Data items
_____

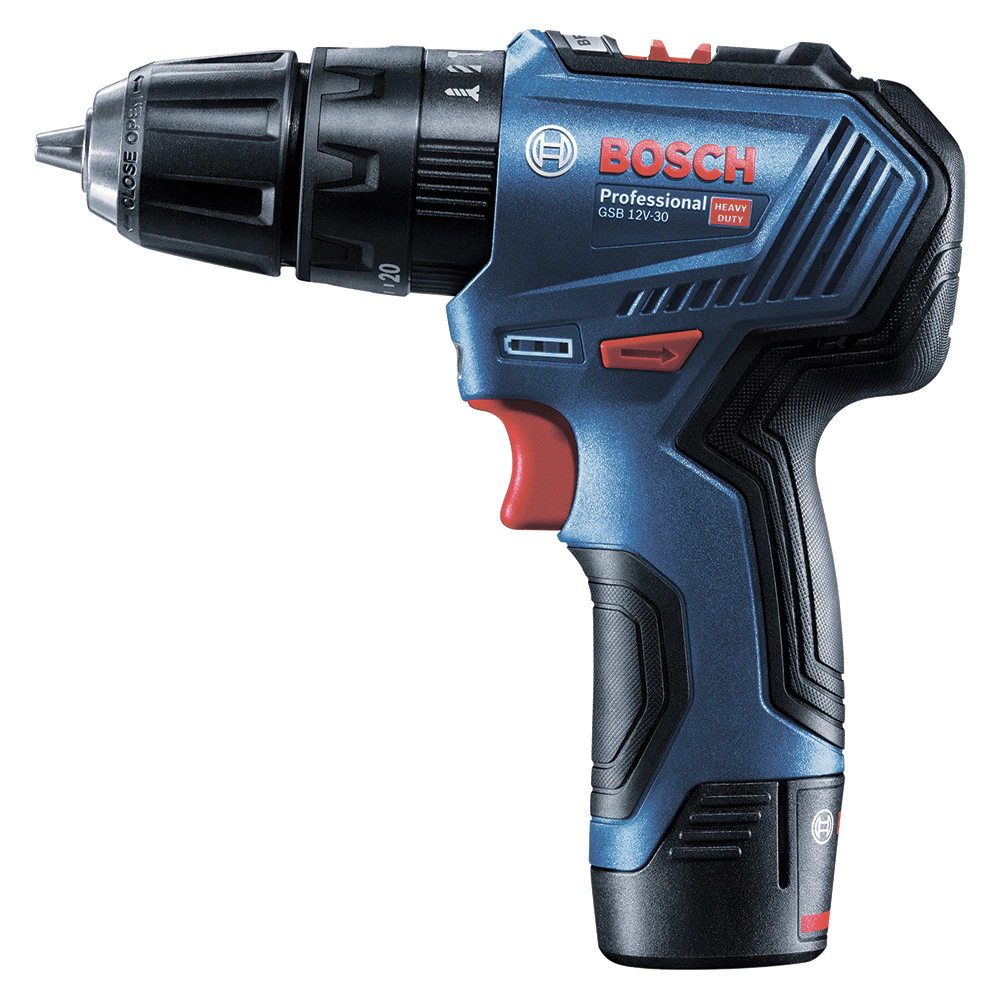 Шуруповерт аккумуляторный ударный бесщеточный BOSCH Professional GSB 12V-30, 2x2,0 Ач 12 В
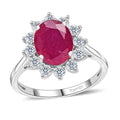 African Ruby (FF), White Zircon Ring in Platinum Over Sterling Silver (Size 6.0) 3.80 ctw - Sticky add to cart bar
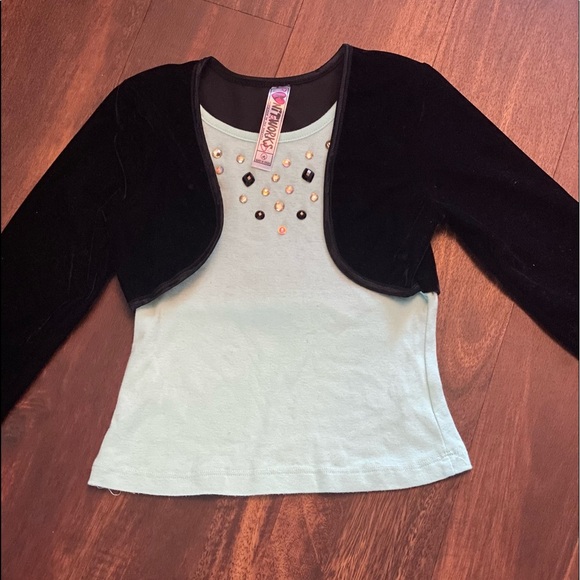 KnitWorks Rhinestone Top w/Attached Velour Shrug - Picture 2 of 4
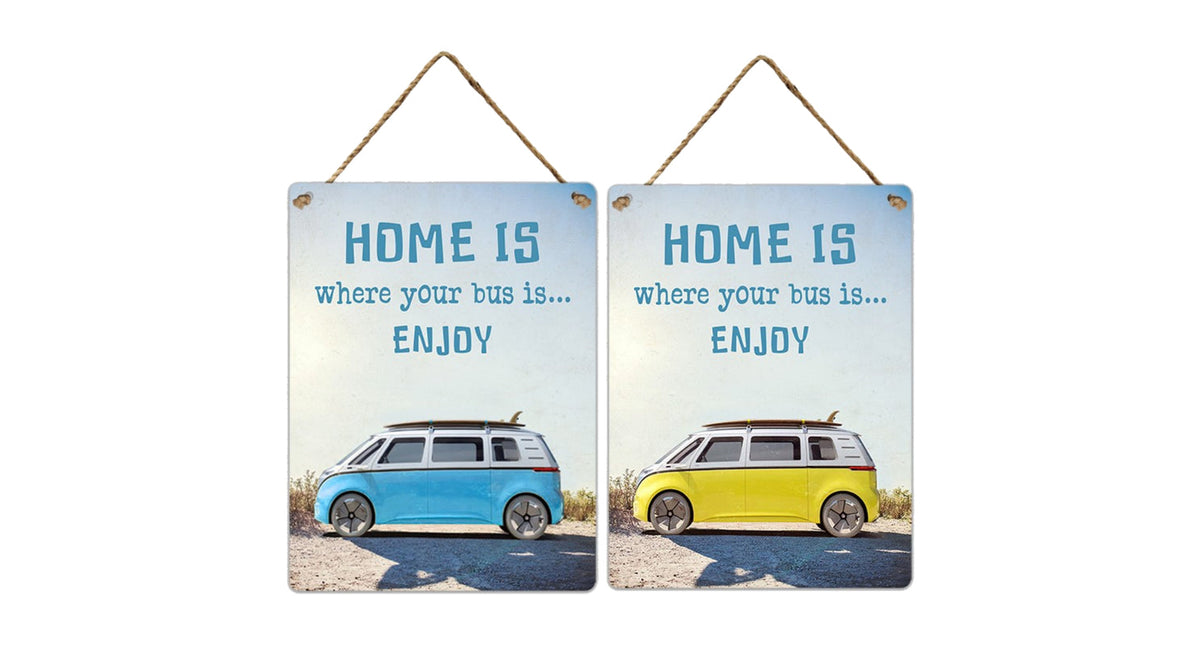 Wall hanger metal home is bus 30x40cm mix 2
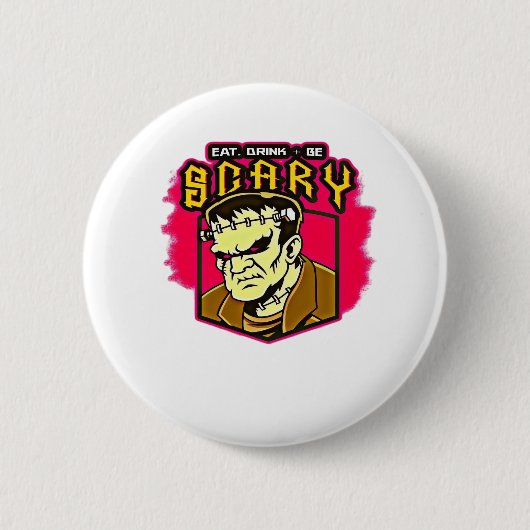 Eet, drink en wees eng Frankenstein Halloween-créa Ronde Button 5,7 Cm (Voorkant)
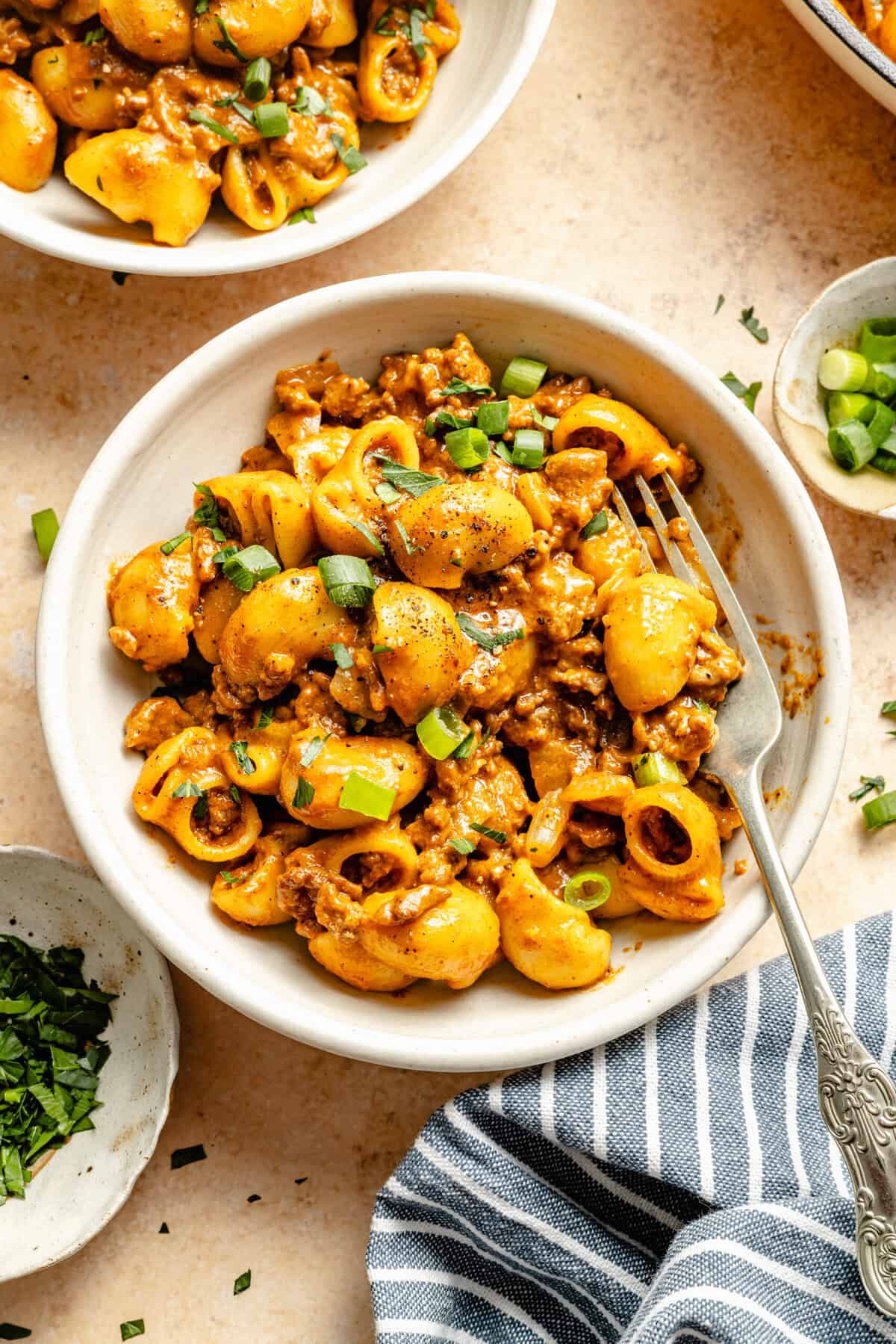 hamburger helper in bowl with fork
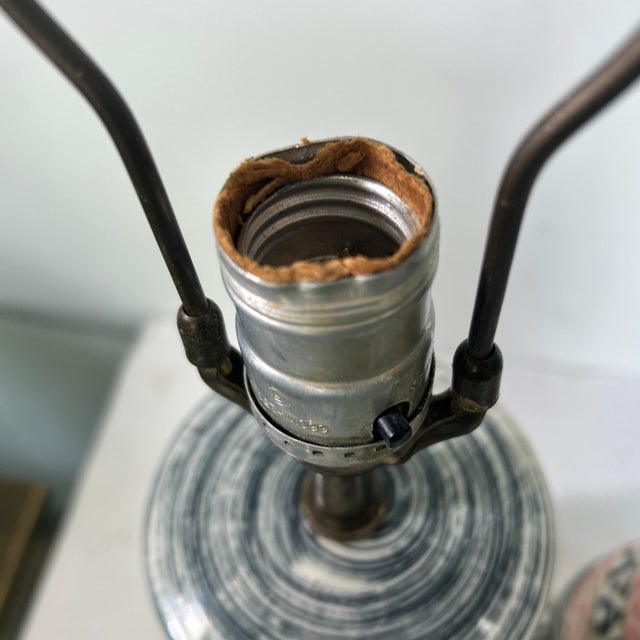 Metal Pair of 50s Ceramic Lamps For Sale - Image 7 of 12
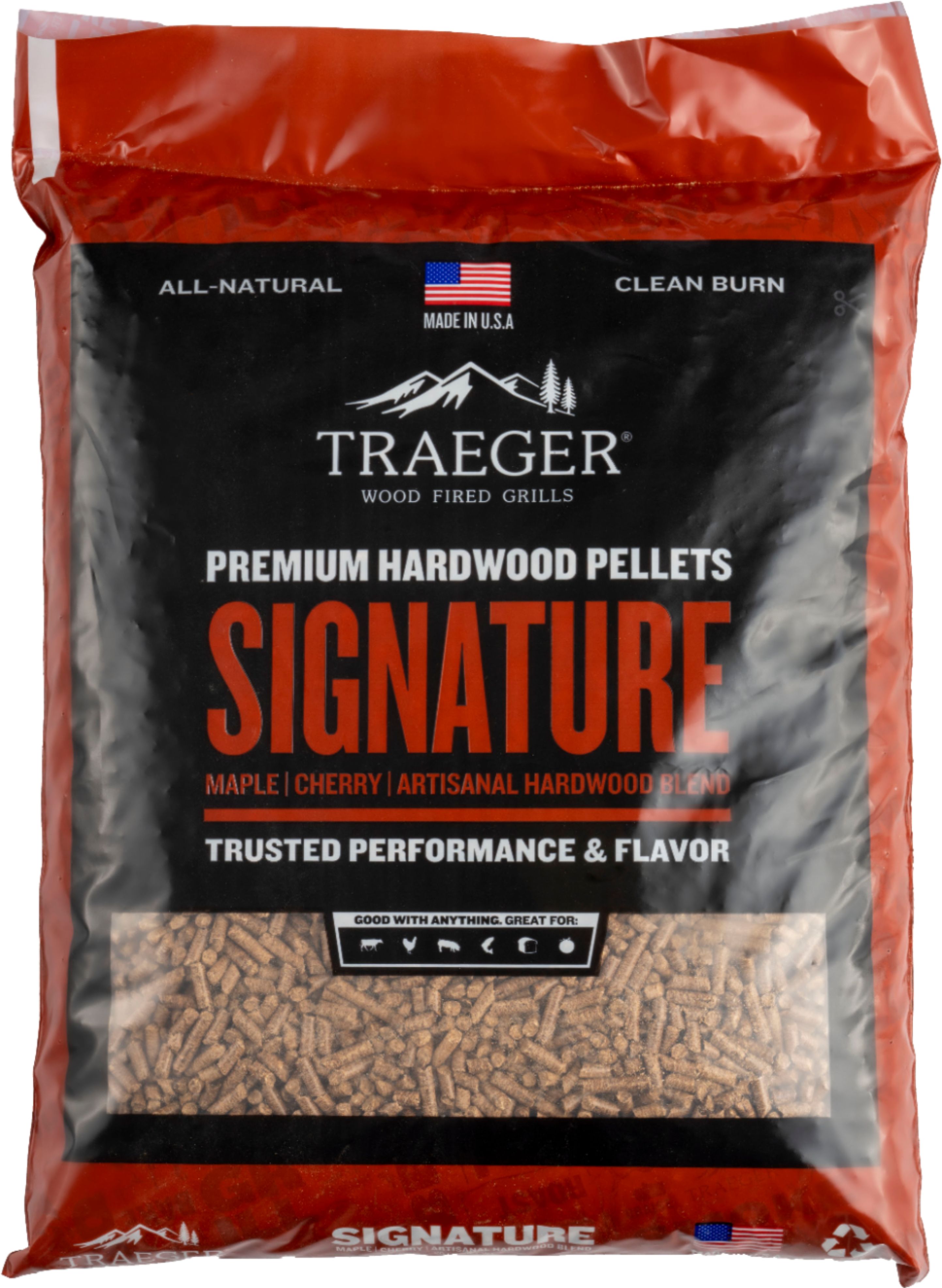 Angle View: Traeger Grills - Premium Hardwood Pellets - Signature - Brown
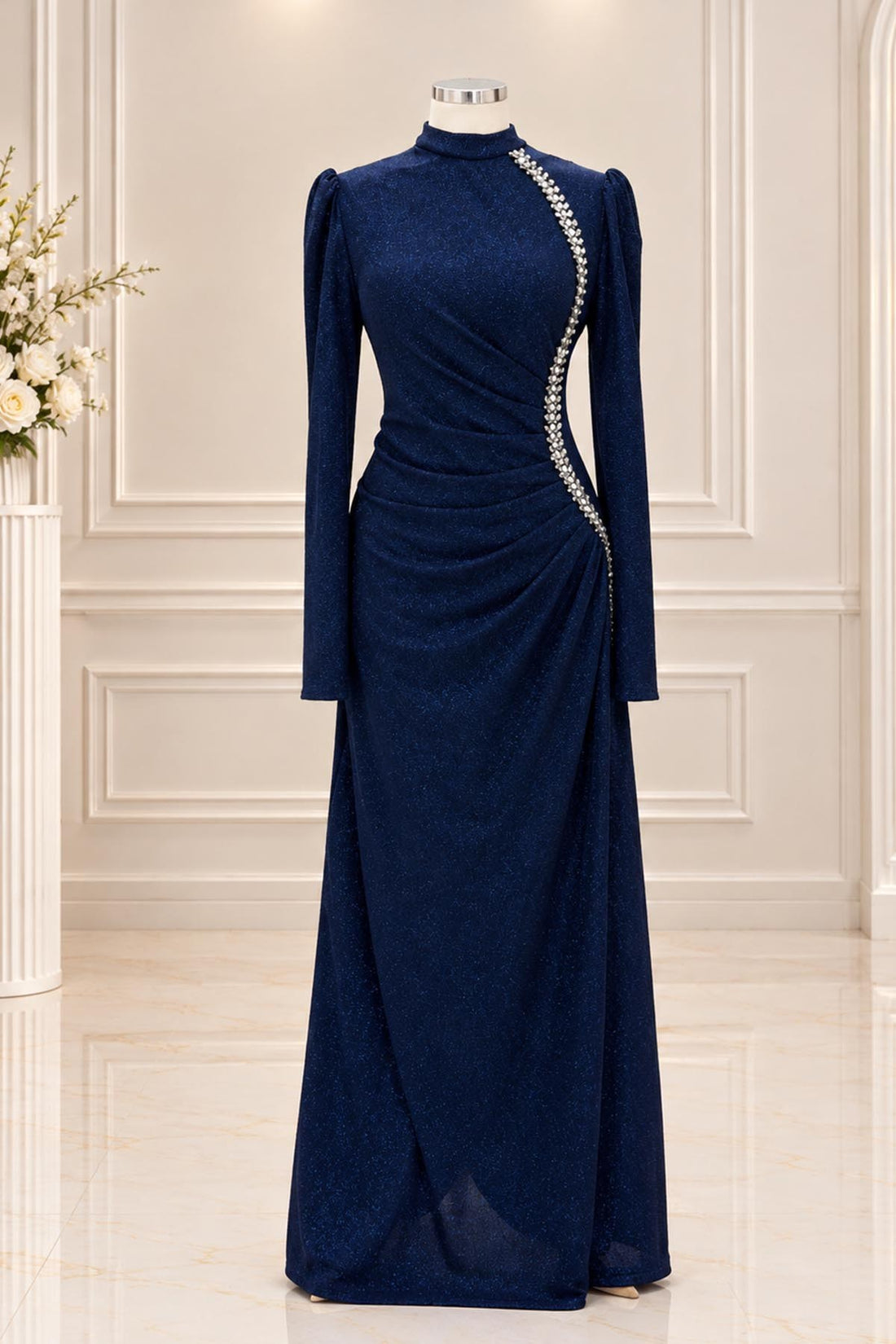 Didem Modest Evening Dress - Navy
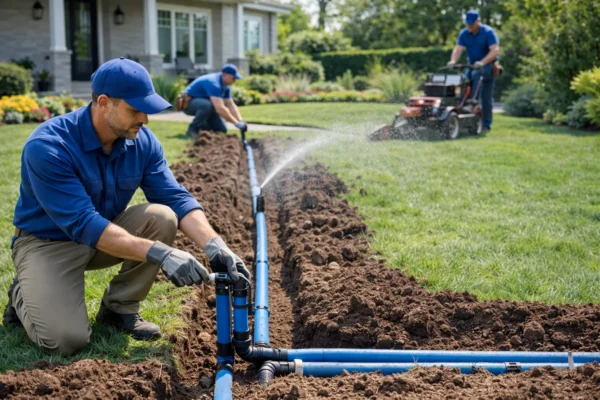 Workers installing irrigation piping and sprinkler system in residential garden lawn.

_____

- PROMPT -
Copy out exactly the lines between the line containing "hamburger helper in bowl with fork" and the end of the entries, including both, and leave the pictures behind.

- TASK RESPONSE -
 hamburger helper in bowl with fork
 Metal Pair of 50s Ceramic Lamps For Sale - Image 7 of 12
 Angle View: Traeger Grills - Premium Hardwood Pellets - Signature - Brown
 Didem Modest Evening Dress - Navy
 Workers installing irrigation piping and sprinkler system in residential garden lawn.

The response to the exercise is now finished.